Involve students throughout the project. Of utmost consideration throughout the creation and implementation of the project was the involvement of students, who played a variety of roles in the many Creative Campus events. Those involved in the production of original work for seminars and other academic events, as well as the Tree of Life performance, benefited from their collaboration with fellow academics, artists, and peers. By participating in the multitude of activities and discussions occurring throughout the University, students not only gained perspectives from artists, researchers, and faculty, but were also allowed to contribute their own voices and opinions to discussions and creative processes. This involvement was important not only because KU is at heart a teaching and learning environment, but also because it is students who will continue to think creatively and participate in fields beyond academia, and in areas far from Kansas.

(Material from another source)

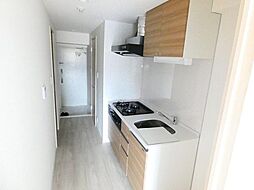 JR常磐線 松戸駅 徒歩5分の賃貸マンション 5階1Kのリビング/ダイニング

Engage as broadly across campus as possible. The variety of campus events (lectures, colloquia, seminars, and other forms of collaboration) stimulated participants’ minds and made the Lawrence campus a more vibrant and creatively charged environment throughout the grant’s two-year span. These opportunities set a precedent for increased interaction among departments, administration, and students at all levels. The dialogue was particularly strong in the exploration of evolution and the connections between the arts and sciences, a bridge too often overlooked or ignored within both academic environments and society as a whole. The Creative Campus project engendered a discourse and debate over the nature of creativity, and welcomed the contribution of individuals from all areas of the University. Such opportunities for open creative thought are rare, even in academic settings, and all those involved gained the important perspective that comes from the discussion and dissemination of ideas in the public sphere.